Lucinda Elliot

Lord Ynyr is in most ways Kenrick’s opposite; good looking, charming, good natured, kind to his tenants…

Lord Ynyr is in many ways Kenrick’s opposite. He is handsome, his good looks  striking. They so impress Sophie that she is puzzled as to why she isn’t more thrilled by him.

He’s humane, particularly by the standards of the time, when many landowners refused to see the suffering of their poorer tenants and the peasants generally on the grounds that it was the established order of things, laid down by divine power, and not to be challenged.
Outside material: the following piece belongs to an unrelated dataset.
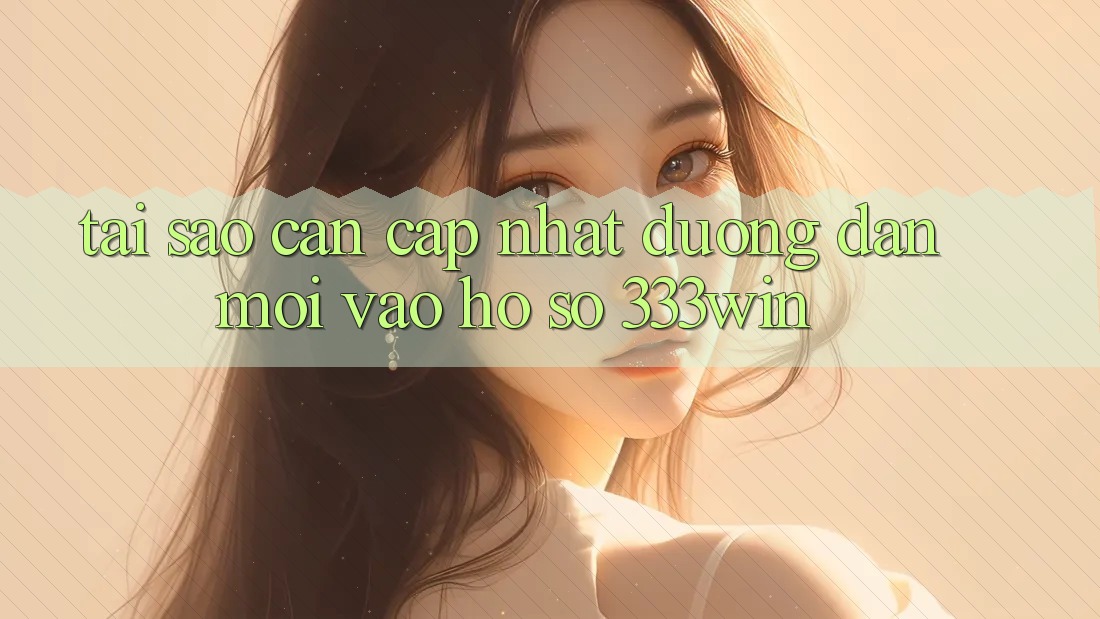 Tại Sao Cần Cập Nhật Đường dẫn Mới Vào hồ sơ 333win?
He is very fond of all his relatives – especially of his cousin on his father’s side, the glamorous Morwenna, whom he has admired since childhood.

He is nearly as fond of the rascally Émile, and is so outraged at Lord Dale’s allegation that ‘He and that man of his are highwaymen, sure as fire’ that the generally pacific Count is prepared to call him out.

He deals  with his mother’s constant complaints – about the general difficulties of life and the number of babies born in the village, with endless patience.

Perhaps he doesn’t listen. Perhaps, though, that is why when John de Courcy writes to him asking him if he can offer a place to Sophie in his household, that is one of the reasons why he is eager to accept.

Whatever the reason, the new Count and the Dowager Countess (she isn’t strictly a dowager, as her son hasn’t yet remarried; but she feels her mourning for ‘The Dear Late Count’ is such that she would lke to be addressed as such) are very kind to Sophie, giving her a luxurious set of rooms and a lady’s maid of her own, the irrepressible Agnes.

Lord Ynyr’s torn. He’s so good natured that inevitably he must obligingly fall a little in love with the two girls who have most opportunity to work on his susceptabilities – Morwenna and Sophie, but not naturally decisive, and unwilling to hurt either as he is, he is completely unable to choose between them. Morwenna is Junoesque, witty, his social equal and his childhood sweetheart. Miss Sophie is sweet natured as she cheerfully remedies the Sad Tangles in the Dowager Countess’ embroidary/sewing/crotchet or tapestry work, but she is is his Poor Relative. To marry such a person would be to let down the family name.

Image

Though this Renior painting is of a much later

date than the time of my book, this is something

like Sophie…

The Count dithers between his feelings for both girls, until his rougish cousin comes to stay at Plas Uchaf, and takes the matter out of his hands.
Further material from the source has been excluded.